Une barge insubmersible ?
Il a fallu plus de dix ans pour que le projet soit mis en œuvre et il sera désormais plus rationnel et plus simple de le tester en action plutôt que de débattre de sa nécessité, pense Pouchkariov. « Bien sûr, il faut le tester dans une région reculée, où il est difficile de fournir de gros volumes d’énergie qui ne peuvent être produits localement », maintient-il. « Cela doit être fait dans une région qui a besoin d'être développée et où les gens ressentent le besoin que cela se produise ».
Physicien de formation, l'expert assure également que l'idée d’une centrale nucléaire flottante pourrait même se révéler plus sûre que toute centrale terrestre. « Si l’on stabilise la centrale flottante sur l’eau et la sécurise techniquement de manière adéquate, alors elle fonctionnera avec moins de risques que n’importe quelle centrale sur terre.
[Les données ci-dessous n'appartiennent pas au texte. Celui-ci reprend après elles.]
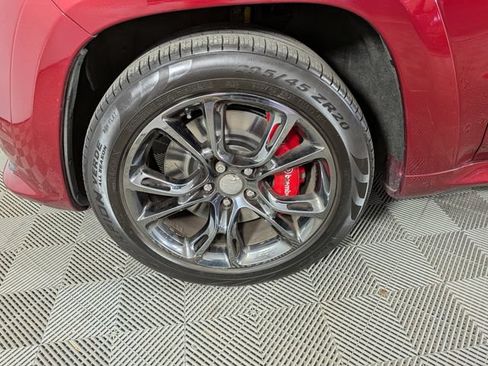 Used 2015 Jeep Grand Cherokee SRT w/ Trailer Tow Group IV AWD/4WD image 36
Les vagues, les courants et même un tsunami océanique ne créeront aucun problème dans le bloc », explique-t-il.
Selon lui, la menace de tout type de destruction ou de conditions extérieures extrêmes est ici minimisée, contrairement à lorsque, par exemple, un réacteur fait face à séisme sur terre : « Ceka ne se produira pas dans l’océan si l’Akademik Lomonossov est conçue correctement, comme le disent ses développeurs. Ce n’est pas un hasard si notre flotte de brise-glaces nucléaires opère de manière fiable et constante dans l’Arctique depuis l’époque soviétique. Et l’Akademik Lomonossov est, en fait, une barge insubmersible avec le même " cœur " atomique que les brise-glaces nucléaires russes ».